I blinked. “You’re helping me?”
“I’m giving you information you’d figure out on your own eventually.” Lira turned a page. “What you do with that information is your choice. Though if anyone asks, I was here the entire time and you’re very good at sneaking.”
“I am very good at sneaking.”
“I believe you.” She glanced up, expression serious now. “But Isara? Whatever you find out there—in the city, talking to people who don’t know you and don’t owe you anything? It might not be what you want to hear.”
“I know.”
“And you’re going anyway.”
“I am.”
Lira nodded slowly. “Then be smart. Stay hooded. Keep your head down. And for gods’ sake, don’t manifest any fire. This city’s seen enough excitement for one day.”
“I’ll try not to spontaneously combust anyone.”
“That’s all I ask.”
I pushed myself to my feet, joints protesting. My body felt like it had been wrung out and hung to dry, but adrenaline was a hell of a drug. “Thank you. For this. For watching them.”
“They’re good children. Easy to protect.” Lira’s expression softened. “Go. Before I remember I’m supposed to be responsible.”
I went.
13
The eastern postern gate was exactly where Lira had said it would be, a narrow door set into the castle’s outer wall, almost invisible unless you knew to look for it. The guard stationed there was young, bored, and appeared to be losing a battle with consciousness.

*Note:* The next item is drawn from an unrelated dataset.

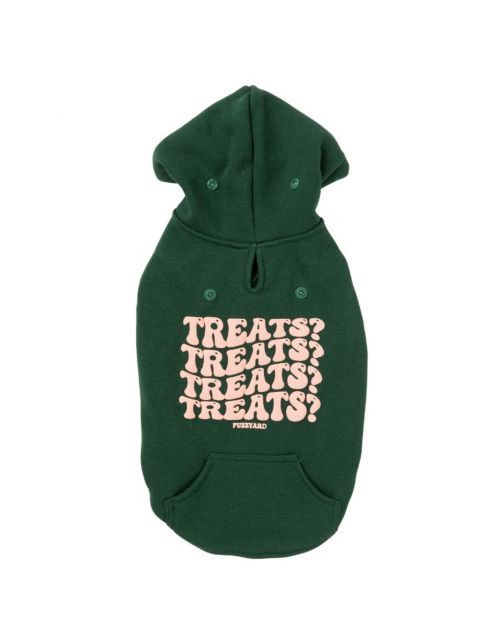Fuzzyard Treats Hoodie Donkergroen - Hondenkleding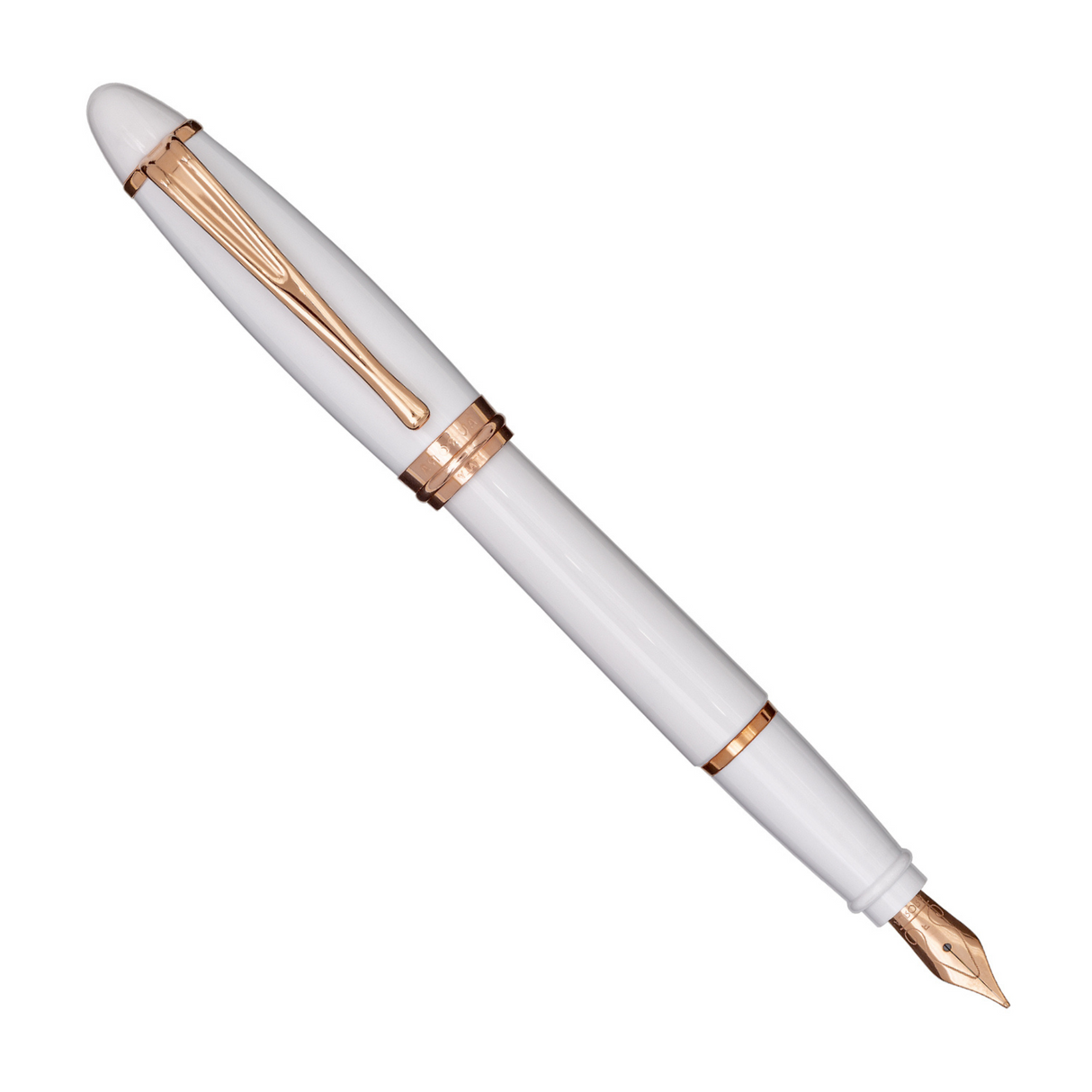 Aurora Ipsilon Seasons Winter White w/Rose Gold trim Fountain Pen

I waited in the shadows until his head drooped forward, then slipped past him like smoke.
The night air hit me cold and sharp, tasting of stone and starlight and freedom I hadn’t realised I’d been craving. I pulled my cloak tighter and oriented myself toward the distant glow of the city.
Two miles. I could do two miles.
I’d done so much worse.
The path down from the castle was winding, carved into the hillside in switchbacks that probably looked picturesque in daylight. Now they just looked treacherous, all loose stone and uncertain footing in the dark. But the moon was nearly full, and my eyes adjusted quickly.